_Source information:_

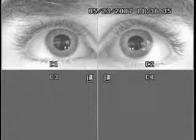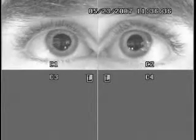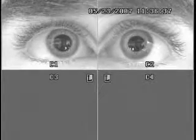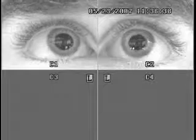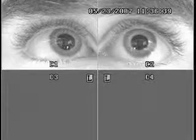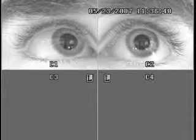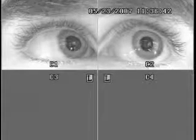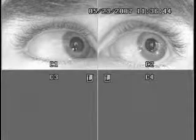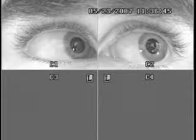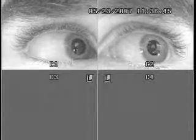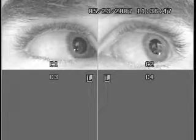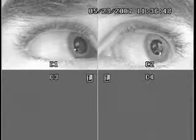Now we're going to check for onset of nystagmus prior to 45 degrees. Just keep looking right at the bead. You're doing great.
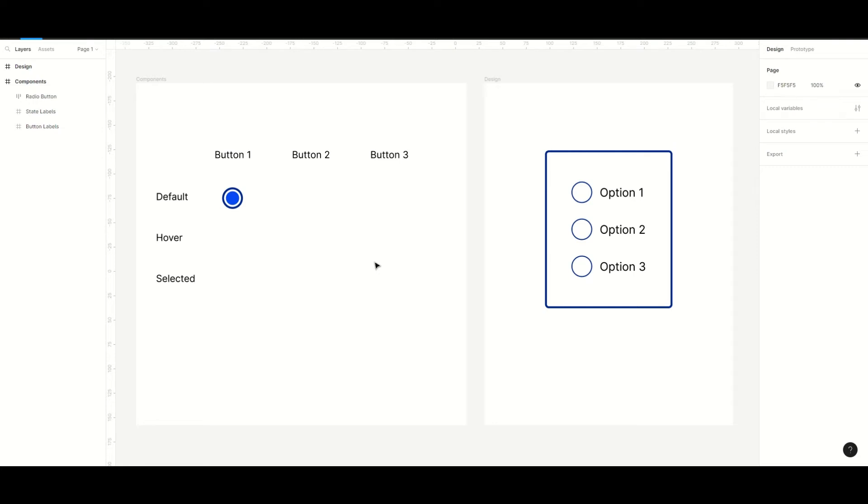Hi everyone, in this video we're going to create radio buttons and use boolean variables to make it possible to only select one radio button at a time.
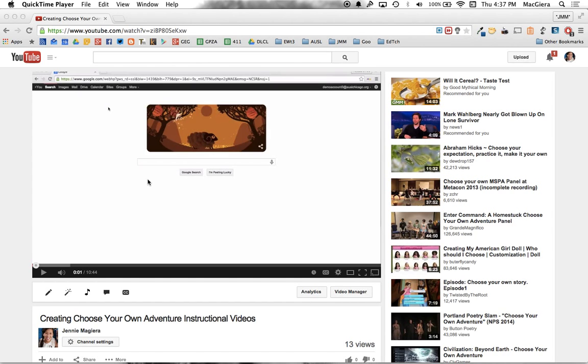Hello everyone. Today we're going to take a look at how to create an interactive table of contents using YouTube annotations.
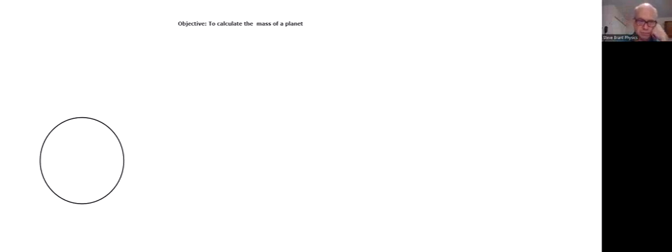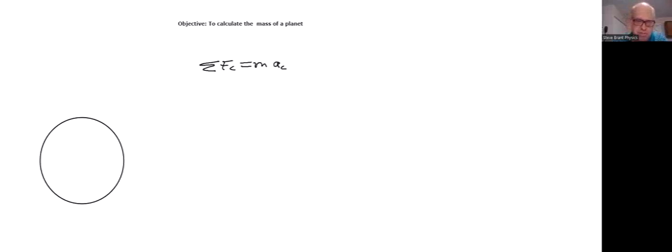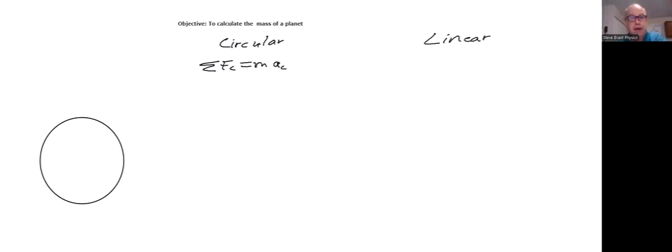The equation we're going to use today is the big equation for circular motion: summation of centripetal force equals M times A of C. To help you understand that equation, let's first look at linear motion — one-dimensional motion, left or right. The equation for that is just Newton's second law.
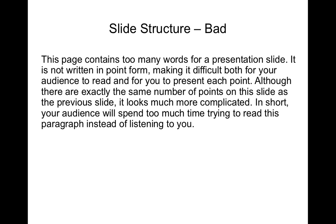So unless it's a long quote that you want the audience to read or that you're going to read out, but you should paraphrase such a long quote in a way, try and avoid slides that look like this.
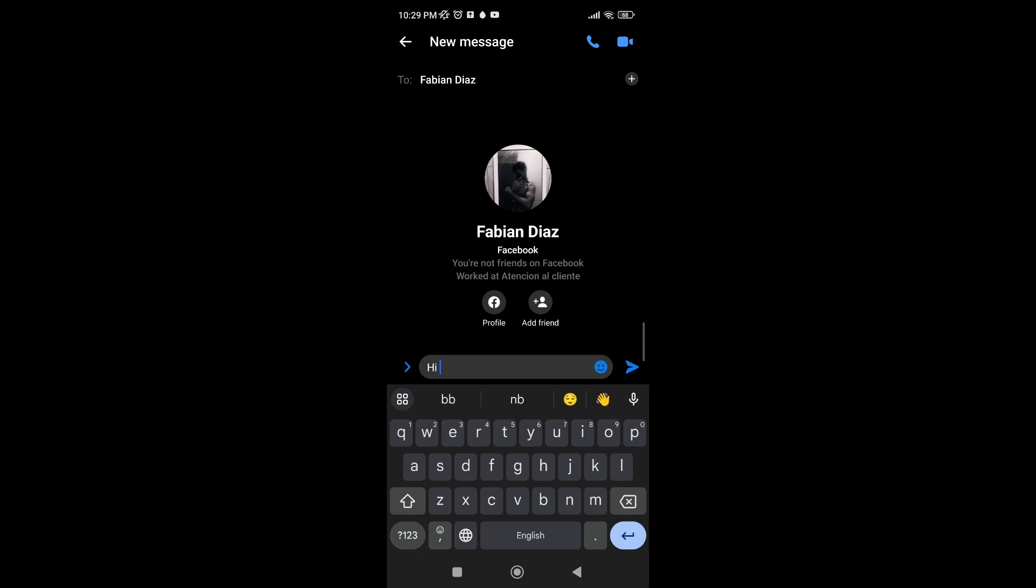If you hit send on this message, then this message will be delivered to them. If they accept your message request, you'll be added to them on Messenger. And if they accept your friend request on Facebook, it'll be automatically added on Messenger as well.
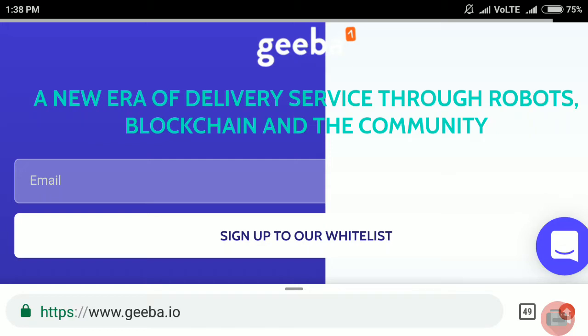Welcome to my YouTube channel. Today I'm going to tell you about one of the great ICOs called Geeba. Geeba is a new era of delivery service through robots, blockchain, and the community.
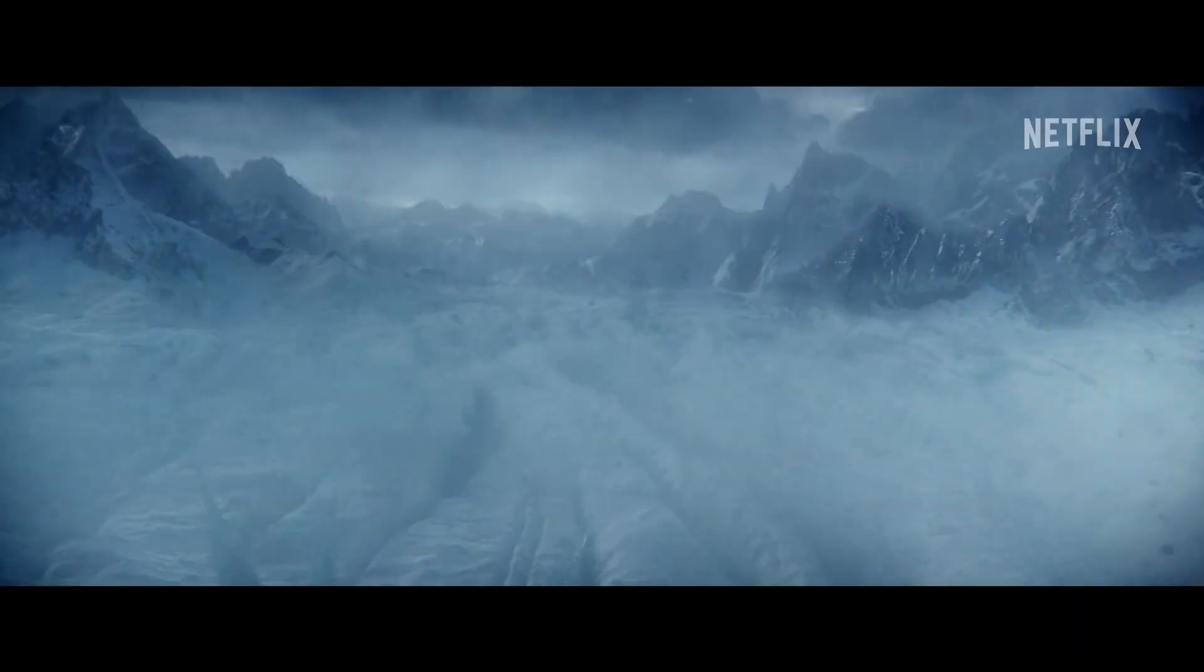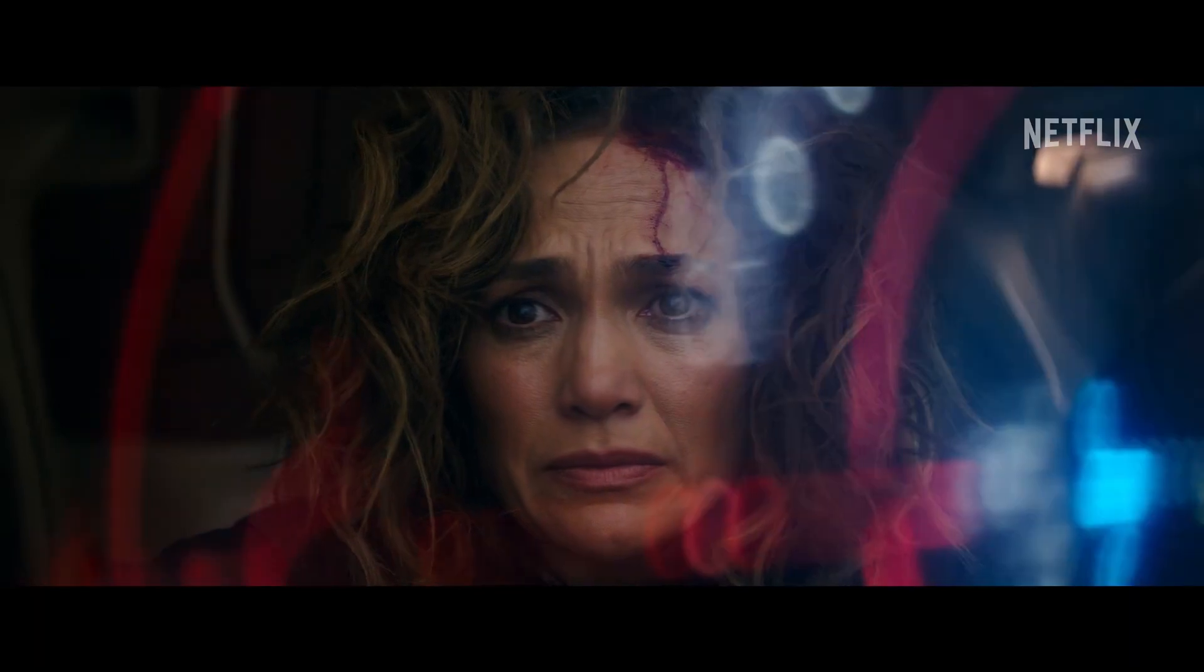Mission Control. This is Atlas Shepard. Can you hear me?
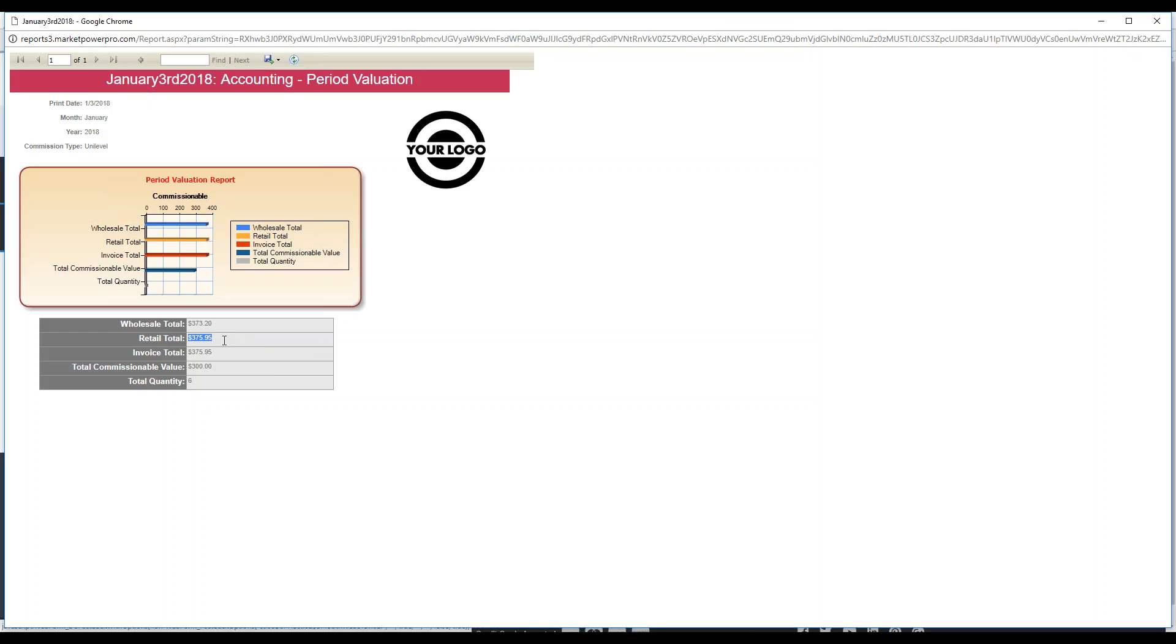Then the invoice total takes all of the order amounts, the total amounts, and just adds them together for a total for January. The commission value will take all of the CV for Unilevel on each SKU that's placed in an order and it'll add that all together to give you the total commission value for the month of January.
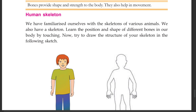We have familiarized ourselves with the skeletons of various animals. We also have a skeleton. Learn the position and shape of different bones in our body by touching. Now try to draw the structure of your skeleton in the following sketch. You can also draw the size and shape of different bones.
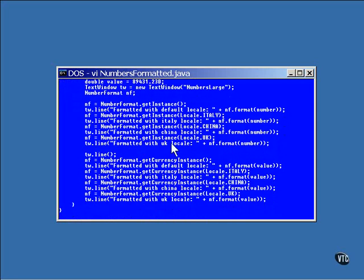This second block of code does the same thing, except the number is a floating-point number, and the instances of Number Format are for currency.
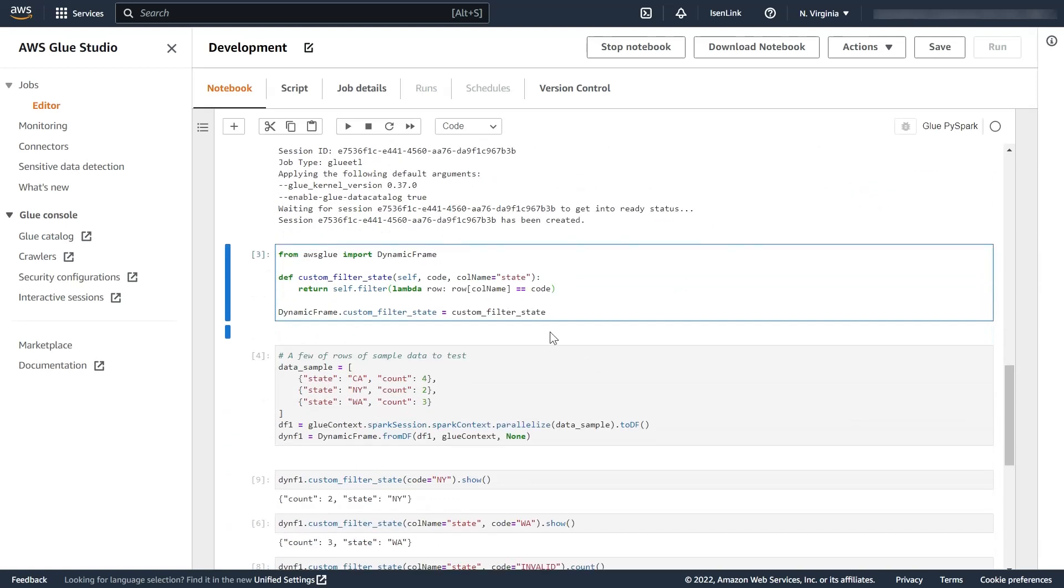In this case all it does is receive a state code, which is the column where the state is in the data set, and it will keep just those rows with the code match. This is just a simple example to illustrate. Then I assign it to dynamic frame so it can be used later.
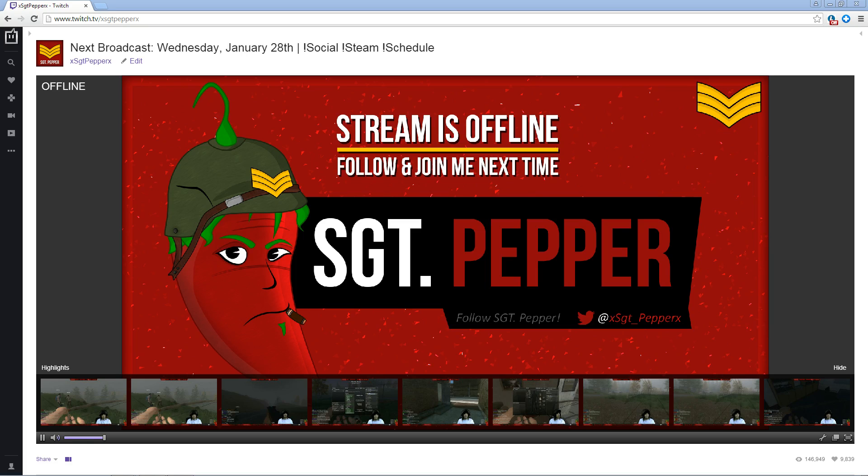Hey guys, I'm back again for another tutorial. This time I'm going to show you guys how to download Farming Simulator 15 mods and how to connect to the server.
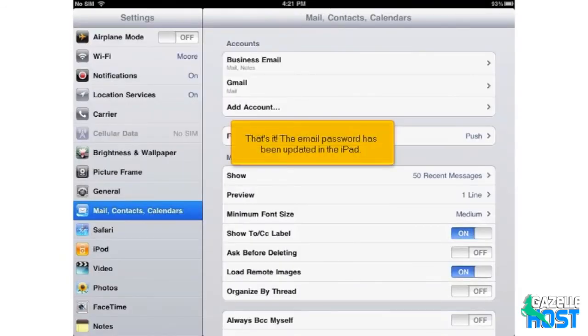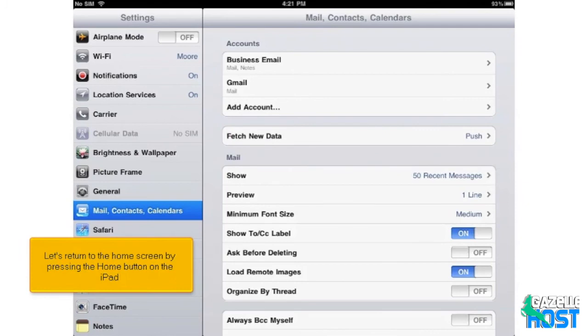That's it. The email password has been updated in the iPad. Let's return to the home screen by pressing the Home button on the iPad.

_Problem to work on:_ The result should be an exact copy of only the lines above from the one that holds "Hi everyone, in" through the one that holds "Hello everyone. Today", both ends included, without pictures.

_Response area:_
Hi everyone, in this video we're going to create radio buttons and use boolean variables to make it possible to only select one radio button at a time.
Hello everyone. Today we're going to take a look at how to create an interactive table of contents using YouTube annotations.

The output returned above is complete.